## EXERCISE AIM:
Starting at the line that contains "조부 정주영에서 정기선으로" in the listing below, write out every line word for word until you have written the line that contains "Что подорожало и подешевело больше всего".

## MATERIAL PROVIDED:
<<<<
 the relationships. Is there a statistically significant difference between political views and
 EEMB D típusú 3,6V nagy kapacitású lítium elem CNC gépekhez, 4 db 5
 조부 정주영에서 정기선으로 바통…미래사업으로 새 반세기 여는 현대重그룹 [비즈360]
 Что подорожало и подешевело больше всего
>>>>
<<<<
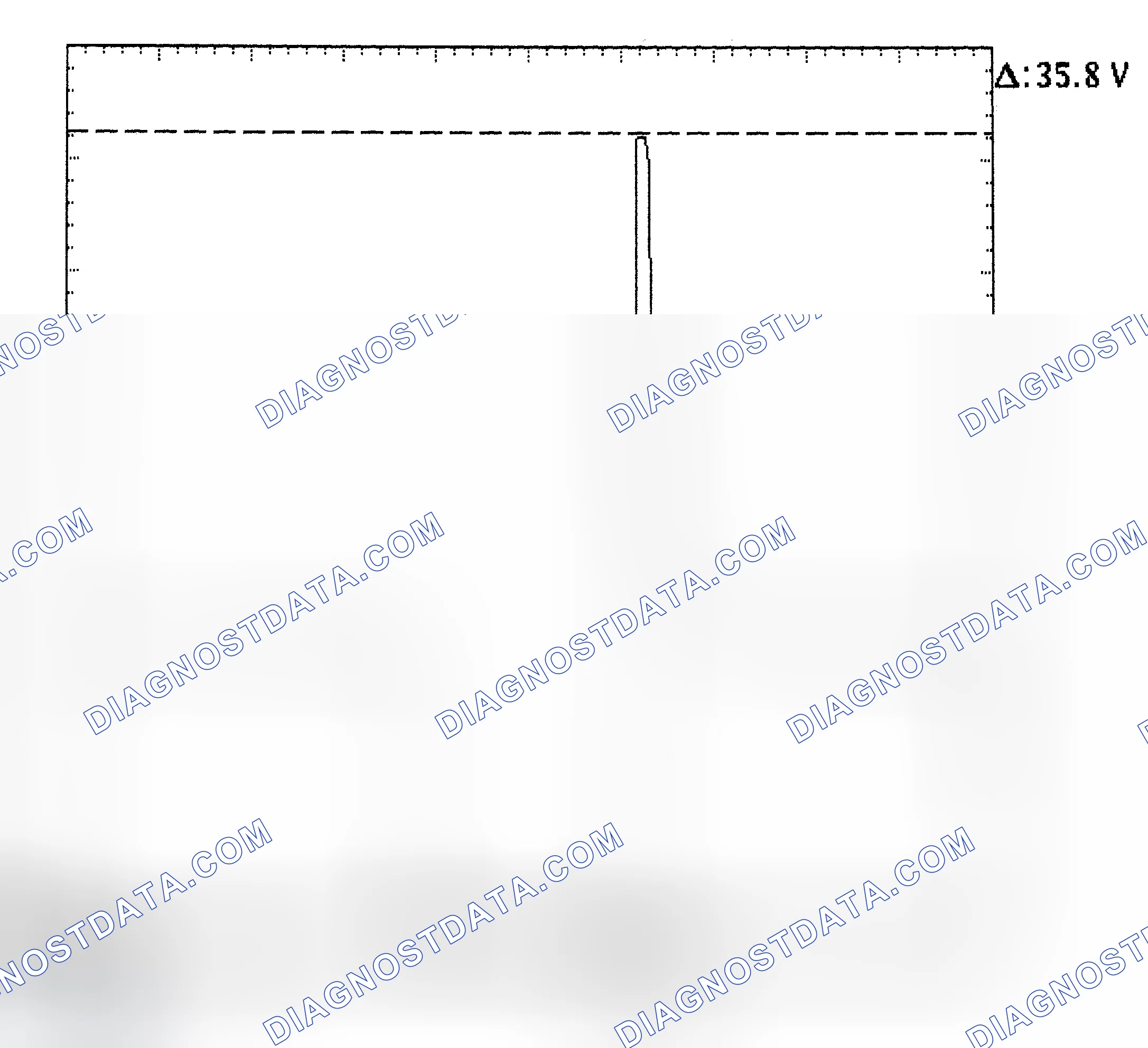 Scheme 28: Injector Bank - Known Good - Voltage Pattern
>>>>
## SOLUTION TO THE EXERCISE:
 조부 정주영에서 정기선으로 바통…미래사업으로 새 반세기 여는 현대重그룹 [비즈360]
 Что подорожало и подешевело больше всего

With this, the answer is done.